Work order: Your task is to transcribe the data exactly while omitting each picture.

Source data:
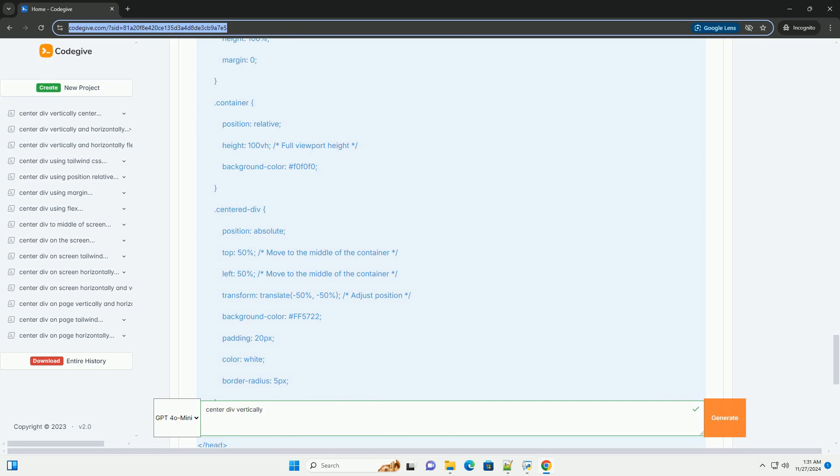Conclusion. Each of these methods has its own use cases, and you can choose one based on your specific needs.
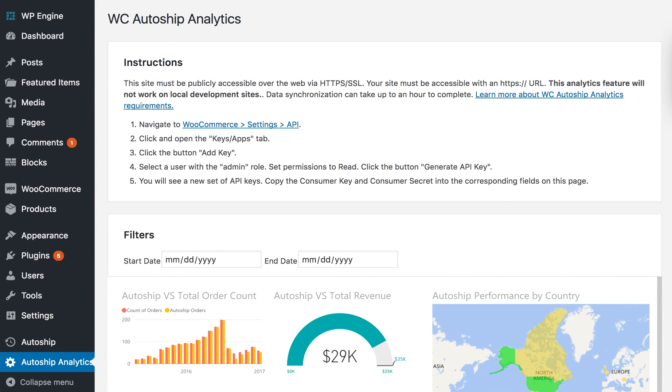Hi, my name is David from Patterns in the Cloud, creators of WC AutoShip, the complete auto-replenishment customer experience for WooCommerce stores.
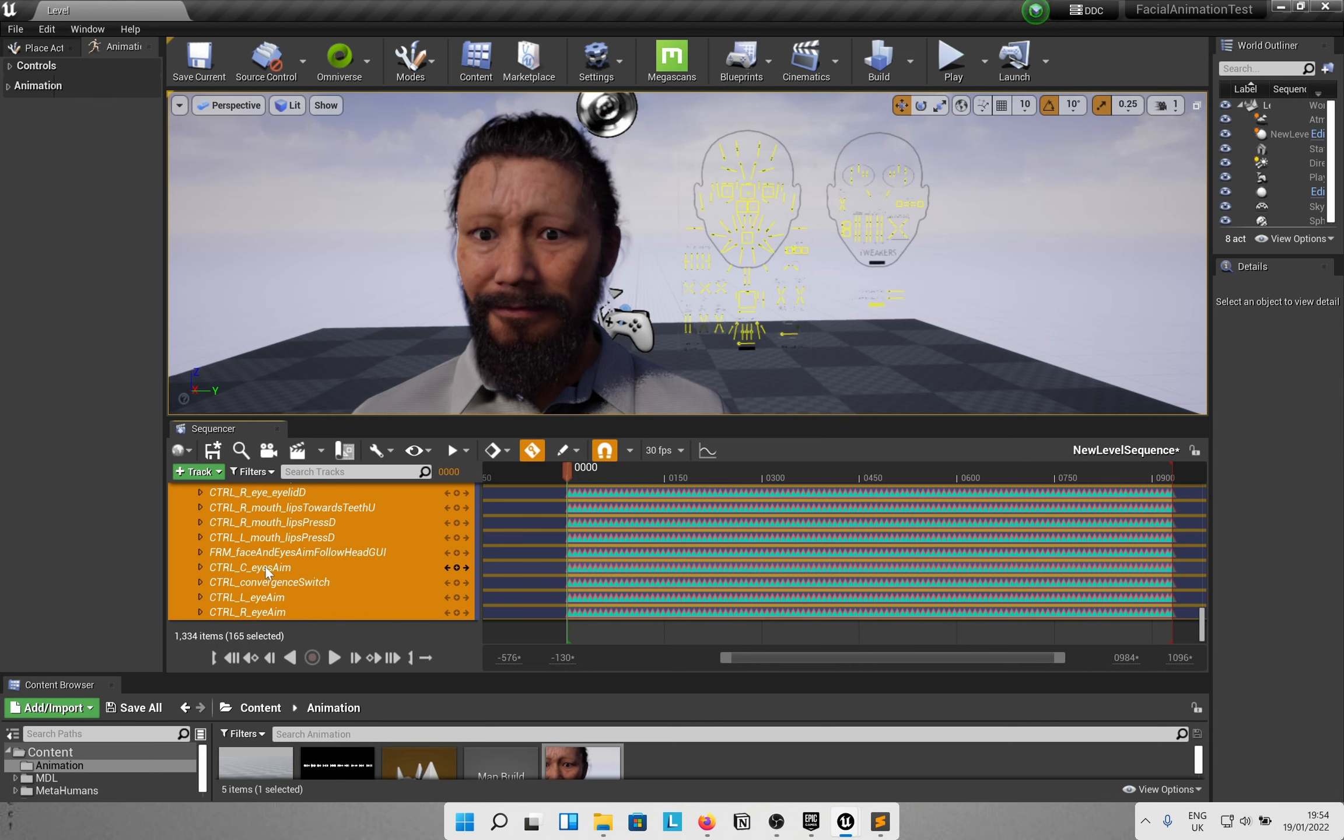So if I go ahead and play this, you can basically see that it is working. Might need a few tweaks, but at least we have the base. Now the quick-witted ones amongst you guys might want to try this out for Unreal Engine 5.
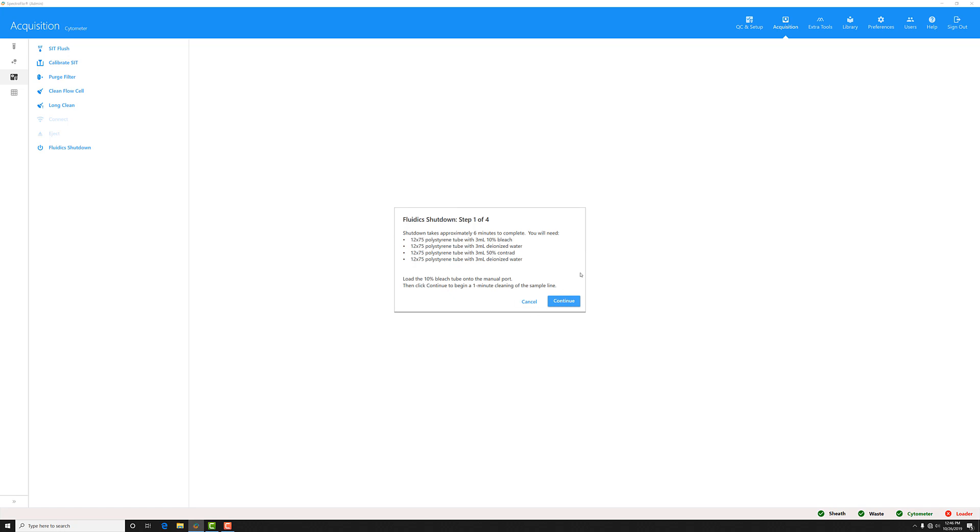In SpectreFlow version 2.2, we changed this routine so you now are asked to run four tubes at shutdown instead of the previous two tubes. This is because we realized shutting down with four tubes does a much better job of cleaning out the flow cell so that you have a clean place to begin the next day.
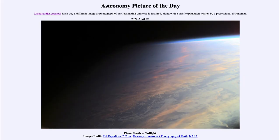Greetings and welcome to the introduction to astronomy. One of the things that I like to do in each of my introductory astronomy classes is to begin the class with the astronomy picture of the day from the NASA website, that is apod.nasa.gov/apod.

Output below:
Conclusion. Each of these methods has its own use cases, and you can choose one based on your specific needs.
Hi, my name is David from Patterns in the Cloud, creators of WC AutoShip, the complete auto-replenishment customer experience for WooCommerce stores.
So if I go ahead and play this, you can basically see that it is working. Might need a few tweaks, but at least we have the base. Now the quick-witted ones amongst you guys might want to try this out for Unreal Engine 5.
In SpectreFlow version 2.2, we changed this routine so you now are asked to run four tubes at shutdown instead of the previous two tubes. This is because we realized shutting down with four tubes does a much better job of cleaning out the flow cell so that you have a clean place to begin the next day.
Greetings and welcome to the introduction to astronomy. One of the things that I like to do in each of my introductory astronomy classes is to begin the class with the astronomy picture of the day from the NASA website, that is apod.nasa.gov/apod.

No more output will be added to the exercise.